AKP, Madende Zeytin Dalı Uzatmazsa Zeytinciler B Planını Gösterecek



Zeytin üreticileri, zeytinlik alanlarının maden aramalarına açılmasına ilişkin düzenlemenin kanun teklifinden çıkarılmasını bekliyor. Üreticiler aksi halde, muhalefet partisinin de desteğini alarak, zeytinliklerini korumak için yargıya başvuracak

Zeytinlik alanlarının maden arama faaliyetlerine açılmasını içeren düzenleme, önümüzdeki günlerde Meclis Genel Kurulu’nda tarafları karşı karşıya getirecek. Geçimini zeytinden sağlayan üreticiler ve sivil toplum kuruluşları, Maden Kanunu ve Bazı Kanunlarda Değişiklik Yapılmasına Dair Kanun Teklifi’nden zeytinlik alanlarının maden aramalarına açılmasını içeren düzenlemenin çıkarılmaması durumunda yargı yoluna başvuracak. Zeytin üreticileri ve çatı örgütleri tarafından Meclis’e gönderilen mektupta söz konusu düzenlemeyle Türkiye’nin ‘ekonomi sorunları’nın liste başında bulunan istihdam sorununu daha da körükleyerek işsizler ordusuna yenilerinin ekleneceğini belirtti. Ulusal Zeytin ve Zeytinyağı Komisyonu Başkanı Mustafa Tan, AKP milletvekillerinden söz konusu tekliften ‘zeytinlikler’ ile ilgili düzenlemenin çıkarılacağına ilişkin AKP milletvekillerinden söz almasına karşın, bu sözün tutulmaması durumunda B planını devreye sokacaklarını söyledi. B planına göre, muhalefet partisinin desteğini alan üreticiler ve birlikleri yasal yollara başvuracaklar.

100 bin imza toplandı

Ulusal Zeytin ve Zeytinyağı Komisyonu Başkanı Mustafa Tan imzasıyla gönderilen mektupta, Meclis’e bu düzenlemenin çıkmaması için 100 bin imzanın gönderildiğinin altı çizilerek, “Bugüne kadar zeytincilik yasasında yapılmak istenen değişiklik girişimlerine sektör başta olmak üzere bilim dünyası da karşı çıkmıştır. Zeytinci yörelerdeki bütün siyasi partiler, ortak bildiriyle Zeytincilik Yasası’nda değişiklik yapılmaması istemini TBMM’ye başvurarak bildirmiştir” denildi.

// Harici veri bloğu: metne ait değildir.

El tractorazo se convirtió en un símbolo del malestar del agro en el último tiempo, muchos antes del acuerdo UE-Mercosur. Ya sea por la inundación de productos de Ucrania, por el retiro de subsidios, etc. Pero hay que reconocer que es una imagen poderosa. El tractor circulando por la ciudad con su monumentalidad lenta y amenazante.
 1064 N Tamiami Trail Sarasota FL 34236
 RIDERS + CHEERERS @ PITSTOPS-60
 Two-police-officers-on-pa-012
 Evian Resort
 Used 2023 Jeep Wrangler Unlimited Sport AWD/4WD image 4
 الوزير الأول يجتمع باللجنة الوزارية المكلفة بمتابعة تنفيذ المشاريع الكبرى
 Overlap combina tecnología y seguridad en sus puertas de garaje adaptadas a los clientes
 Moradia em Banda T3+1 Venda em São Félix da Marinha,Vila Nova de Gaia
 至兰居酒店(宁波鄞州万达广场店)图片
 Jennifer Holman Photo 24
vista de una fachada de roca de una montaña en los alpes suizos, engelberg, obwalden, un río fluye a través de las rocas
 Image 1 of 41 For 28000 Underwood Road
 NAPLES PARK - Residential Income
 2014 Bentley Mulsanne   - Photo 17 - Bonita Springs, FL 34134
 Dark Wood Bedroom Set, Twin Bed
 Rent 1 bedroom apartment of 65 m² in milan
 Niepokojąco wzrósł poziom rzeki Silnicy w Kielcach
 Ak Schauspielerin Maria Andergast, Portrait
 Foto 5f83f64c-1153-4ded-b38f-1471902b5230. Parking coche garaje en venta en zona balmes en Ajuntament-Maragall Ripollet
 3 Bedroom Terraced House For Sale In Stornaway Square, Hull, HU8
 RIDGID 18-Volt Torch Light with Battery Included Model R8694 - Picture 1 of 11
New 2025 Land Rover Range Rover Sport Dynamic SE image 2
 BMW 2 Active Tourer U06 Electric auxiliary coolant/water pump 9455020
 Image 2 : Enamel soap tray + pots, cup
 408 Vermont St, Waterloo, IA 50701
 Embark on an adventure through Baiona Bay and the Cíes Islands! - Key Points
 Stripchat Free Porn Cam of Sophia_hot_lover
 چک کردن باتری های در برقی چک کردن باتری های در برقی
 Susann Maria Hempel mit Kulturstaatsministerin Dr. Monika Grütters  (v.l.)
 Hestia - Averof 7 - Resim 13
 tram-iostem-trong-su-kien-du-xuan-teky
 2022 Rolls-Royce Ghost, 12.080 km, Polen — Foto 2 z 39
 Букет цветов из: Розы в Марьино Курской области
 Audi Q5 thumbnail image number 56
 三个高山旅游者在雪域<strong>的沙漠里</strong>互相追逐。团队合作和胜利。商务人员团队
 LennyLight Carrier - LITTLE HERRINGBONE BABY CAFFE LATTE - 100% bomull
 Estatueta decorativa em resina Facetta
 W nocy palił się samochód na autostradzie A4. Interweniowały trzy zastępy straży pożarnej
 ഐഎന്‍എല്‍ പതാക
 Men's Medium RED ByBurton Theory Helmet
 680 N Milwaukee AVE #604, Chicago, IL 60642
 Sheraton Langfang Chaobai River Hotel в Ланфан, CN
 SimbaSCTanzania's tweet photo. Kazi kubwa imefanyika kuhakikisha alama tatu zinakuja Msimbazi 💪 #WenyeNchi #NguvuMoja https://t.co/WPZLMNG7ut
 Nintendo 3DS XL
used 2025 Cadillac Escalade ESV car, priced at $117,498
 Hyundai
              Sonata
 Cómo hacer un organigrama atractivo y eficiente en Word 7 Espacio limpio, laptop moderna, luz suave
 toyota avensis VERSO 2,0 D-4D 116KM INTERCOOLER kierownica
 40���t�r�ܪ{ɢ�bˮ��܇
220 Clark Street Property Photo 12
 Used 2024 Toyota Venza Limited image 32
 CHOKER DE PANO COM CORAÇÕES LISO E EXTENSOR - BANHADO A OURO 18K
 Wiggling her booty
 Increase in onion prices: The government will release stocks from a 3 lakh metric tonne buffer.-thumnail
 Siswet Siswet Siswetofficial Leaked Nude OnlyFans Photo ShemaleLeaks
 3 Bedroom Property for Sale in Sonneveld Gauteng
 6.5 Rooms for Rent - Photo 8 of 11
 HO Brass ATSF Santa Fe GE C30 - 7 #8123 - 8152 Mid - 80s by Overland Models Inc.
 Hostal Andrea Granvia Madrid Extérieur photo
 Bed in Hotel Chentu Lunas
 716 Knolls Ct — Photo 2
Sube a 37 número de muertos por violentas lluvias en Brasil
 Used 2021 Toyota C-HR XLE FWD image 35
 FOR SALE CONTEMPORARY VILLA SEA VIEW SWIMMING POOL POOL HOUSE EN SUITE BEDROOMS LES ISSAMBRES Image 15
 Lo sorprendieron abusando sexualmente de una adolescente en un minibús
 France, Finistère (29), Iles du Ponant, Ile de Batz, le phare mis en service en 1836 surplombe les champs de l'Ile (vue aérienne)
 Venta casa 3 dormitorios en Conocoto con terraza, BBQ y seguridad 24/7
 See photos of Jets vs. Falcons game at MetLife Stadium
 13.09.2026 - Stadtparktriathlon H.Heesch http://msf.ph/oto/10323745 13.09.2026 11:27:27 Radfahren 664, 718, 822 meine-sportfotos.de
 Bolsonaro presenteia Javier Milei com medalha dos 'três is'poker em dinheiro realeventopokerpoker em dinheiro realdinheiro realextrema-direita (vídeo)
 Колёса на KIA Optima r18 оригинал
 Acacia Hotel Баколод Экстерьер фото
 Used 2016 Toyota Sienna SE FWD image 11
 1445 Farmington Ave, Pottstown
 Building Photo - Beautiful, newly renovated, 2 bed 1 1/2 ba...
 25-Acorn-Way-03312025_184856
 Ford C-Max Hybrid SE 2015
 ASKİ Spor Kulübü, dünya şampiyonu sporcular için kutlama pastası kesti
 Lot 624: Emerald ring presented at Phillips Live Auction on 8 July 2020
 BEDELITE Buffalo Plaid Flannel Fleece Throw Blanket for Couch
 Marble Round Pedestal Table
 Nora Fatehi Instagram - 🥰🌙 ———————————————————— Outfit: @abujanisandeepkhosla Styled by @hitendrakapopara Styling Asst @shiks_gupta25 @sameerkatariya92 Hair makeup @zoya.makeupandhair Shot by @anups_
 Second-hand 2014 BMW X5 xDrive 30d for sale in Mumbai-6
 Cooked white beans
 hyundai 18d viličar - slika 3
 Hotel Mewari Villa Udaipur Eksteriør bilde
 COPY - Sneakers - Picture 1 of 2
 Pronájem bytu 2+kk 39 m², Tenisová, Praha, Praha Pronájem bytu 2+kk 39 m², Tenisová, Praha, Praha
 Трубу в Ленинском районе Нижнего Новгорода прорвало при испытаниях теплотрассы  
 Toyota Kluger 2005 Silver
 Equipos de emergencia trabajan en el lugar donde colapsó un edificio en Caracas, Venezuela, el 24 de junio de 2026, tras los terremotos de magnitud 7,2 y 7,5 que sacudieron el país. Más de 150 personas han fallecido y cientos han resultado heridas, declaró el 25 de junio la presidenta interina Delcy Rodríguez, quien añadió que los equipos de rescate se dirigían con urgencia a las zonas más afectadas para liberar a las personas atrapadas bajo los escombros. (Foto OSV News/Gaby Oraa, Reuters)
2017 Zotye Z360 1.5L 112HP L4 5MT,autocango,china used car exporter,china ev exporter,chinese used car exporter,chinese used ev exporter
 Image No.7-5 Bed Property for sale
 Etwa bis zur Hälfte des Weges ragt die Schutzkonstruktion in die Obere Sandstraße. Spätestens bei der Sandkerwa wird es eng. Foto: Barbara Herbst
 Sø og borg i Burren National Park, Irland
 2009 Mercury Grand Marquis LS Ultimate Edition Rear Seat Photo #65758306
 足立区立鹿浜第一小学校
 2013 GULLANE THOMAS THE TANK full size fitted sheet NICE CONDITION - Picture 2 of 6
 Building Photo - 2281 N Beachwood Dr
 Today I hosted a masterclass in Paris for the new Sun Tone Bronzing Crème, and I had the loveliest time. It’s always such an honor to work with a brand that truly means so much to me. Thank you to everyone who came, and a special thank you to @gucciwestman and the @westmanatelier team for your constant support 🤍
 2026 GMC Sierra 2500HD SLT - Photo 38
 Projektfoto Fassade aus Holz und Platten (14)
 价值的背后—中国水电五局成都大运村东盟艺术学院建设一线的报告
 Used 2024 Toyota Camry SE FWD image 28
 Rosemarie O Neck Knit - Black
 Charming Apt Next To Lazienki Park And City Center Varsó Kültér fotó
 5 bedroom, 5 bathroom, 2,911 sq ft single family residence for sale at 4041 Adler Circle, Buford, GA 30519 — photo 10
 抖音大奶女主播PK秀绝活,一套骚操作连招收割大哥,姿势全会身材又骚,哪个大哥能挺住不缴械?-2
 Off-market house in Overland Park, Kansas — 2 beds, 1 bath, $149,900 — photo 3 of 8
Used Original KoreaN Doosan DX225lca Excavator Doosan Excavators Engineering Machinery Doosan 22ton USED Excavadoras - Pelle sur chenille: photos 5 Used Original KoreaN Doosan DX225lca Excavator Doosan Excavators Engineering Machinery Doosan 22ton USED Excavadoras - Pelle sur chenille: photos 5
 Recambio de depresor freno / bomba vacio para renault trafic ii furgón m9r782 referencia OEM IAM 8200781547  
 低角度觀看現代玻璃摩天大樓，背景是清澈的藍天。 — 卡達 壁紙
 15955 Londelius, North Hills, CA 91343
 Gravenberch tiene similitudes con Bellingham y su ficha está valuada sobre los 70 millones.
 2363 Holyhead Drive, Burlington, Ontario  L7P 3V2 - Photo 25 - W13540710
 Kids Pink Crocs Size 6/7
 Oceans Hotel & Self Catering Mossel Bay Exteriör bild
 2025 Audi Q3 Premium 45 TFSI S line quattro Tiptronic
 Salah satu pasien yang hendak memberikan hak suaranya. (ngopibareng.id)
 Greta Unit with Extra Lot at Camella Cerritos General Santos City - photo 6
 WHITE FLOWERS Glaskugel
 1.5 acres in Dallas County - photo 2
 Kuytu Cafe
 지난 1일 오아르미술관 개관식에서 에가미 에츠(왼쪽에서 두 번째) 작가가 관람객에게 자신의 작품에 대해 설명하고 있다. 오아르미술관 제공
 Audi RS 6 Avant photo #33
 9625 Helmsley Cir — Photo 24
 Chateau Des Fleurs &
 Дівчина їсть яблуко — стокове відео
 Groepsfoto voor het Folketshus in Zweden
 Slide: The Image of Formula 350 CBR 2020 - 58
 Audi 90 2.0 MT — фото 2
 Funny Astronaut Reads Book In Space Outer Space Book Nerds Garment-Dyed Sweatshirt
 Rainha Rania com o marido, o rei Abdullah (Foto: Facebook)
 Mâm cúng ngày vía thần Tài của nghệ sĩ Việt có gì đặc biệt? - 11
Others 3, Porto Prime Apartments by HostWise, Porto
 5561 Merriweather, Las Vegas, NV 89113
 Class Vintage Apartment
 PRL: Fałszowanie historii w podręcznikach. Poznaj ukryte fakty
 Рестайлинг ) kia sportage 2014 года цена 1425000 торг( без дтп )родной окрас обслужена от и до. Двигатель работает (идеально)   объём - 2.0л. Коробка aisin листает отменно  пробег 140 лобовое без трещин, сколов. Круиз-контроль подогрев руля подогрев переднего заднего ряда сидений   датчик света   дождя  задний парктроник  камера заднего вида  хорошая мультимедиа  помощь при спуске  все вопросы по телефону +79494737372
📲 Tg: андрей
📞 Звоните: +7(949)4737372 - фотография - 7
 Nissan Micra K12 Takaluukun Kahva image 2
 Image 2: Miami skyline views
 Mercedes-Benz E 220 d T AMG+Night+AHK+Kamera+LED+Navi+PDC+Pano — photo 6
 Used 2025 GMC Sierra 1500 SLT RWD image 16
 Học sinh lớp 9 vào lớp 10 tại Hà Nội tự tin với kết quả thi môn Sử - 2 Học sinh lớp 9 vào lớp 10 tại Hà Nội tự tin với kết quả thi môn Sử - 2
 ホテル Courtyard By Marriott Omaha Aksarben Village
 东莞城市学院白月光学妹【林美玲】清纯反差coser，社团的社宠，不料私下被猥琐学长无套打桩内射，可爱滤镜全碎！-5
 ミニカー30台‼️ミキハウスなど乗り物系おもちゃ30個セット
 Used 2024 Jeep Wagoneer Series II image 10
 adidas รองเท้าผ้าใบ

10 milyon kişiye ekmek kapısı

Mektupta zeytinlik sektörüne yönelik şu bilgilere de yer verildi:

“Zeytincilik sektörü, Türkiye’de yaklaşık 500 bin ailenin geçim kaynağını, işlenen tarım alanlarının yüzde 3.5’ini oluşturuyor. Sektör, doğrudan ve dolaylı yoldan 10 milyon kişinin geçimini sağlamada ve ekonomik yönden ciddi önem taşıyor. Son iki yıllık ortalamaya göre, zeytinyağı üretimi 130 bin ton olup bu üretim değeri yaklaşık 500 milyon doları buluyor. Son dönemde artan zeytinyağı tüketimi de göz önünde bulundurulunca, 2015 yılında yaklaşık 700 bin tonluk zeytinyağı üretiminin değerinin 3 milyar dolar olması bekleniyor. 

Sofralık zeytin üretimi ise, yaklaşık 350 bin ton ve bu üretimin değeri yaklaşık 700 milyon dolarken, 2015 yılında bu değerin yaklaşık 3.5 milyar dolar olarak gerçekleşmesi bekleniyor.

ÇED raporu korumaya yetmez

Teklif edilen düzenlemeyle zeytinlik alanlarında 3 kilometrelik sınırın kaldırılmaya ve yalnızca Çevresel Etki Değerlendirme Raporu’yla (ÇED) zeytinliklerin içinde dahi madencilik faaliyeti yürütülmesine imkân sağlamaya çalışıldığının altı çizilen mektupta, sadece ÇED Raporu ile maden işletmesinin, zeytinliklerin üreme ve gelişmesine engel olup olamayacağını belirlemenin mümkün olmayacağı kaydedildi.

Mektupta, “Teklif gerekçesinde de ÇED Raporlarında zeytin sahaları için özel değerlere yer verilmediği açıkça belirtilip, işletmelerin buna ilaveten uygun arıtma, baca filtrasyonu gibi istemlere de sahip olması halinde zeytinliklere zarar verici sonuçlar doğmayacağı ortaya konuyor. Buradan ÇED Raporuna sahip olunsa dahi emisyon izni, deşarj izni gibi şartların sağlanmaması halinde zeytinliklere zarar verecek faaliyetler yürütülebileceği sonucuna varılmaktadır. Bugün söz konusu izinlere sahip olmaksızın faaliyet gösteren çok sayıda işletmeye rastlanabileceği, bunların ancak denetimlerle tespit edilebileceği, denetimlerin ise yetersiz kaldığı bir gerçektir. Bu durumda sadece ÇED raporuna dayanılarak verilecek faaliyet izinleri sebebiyle zeytinliklere ciddi zararlar verebilecek uygulamaların önünün açılabileceği düşünülmelidir” denildi.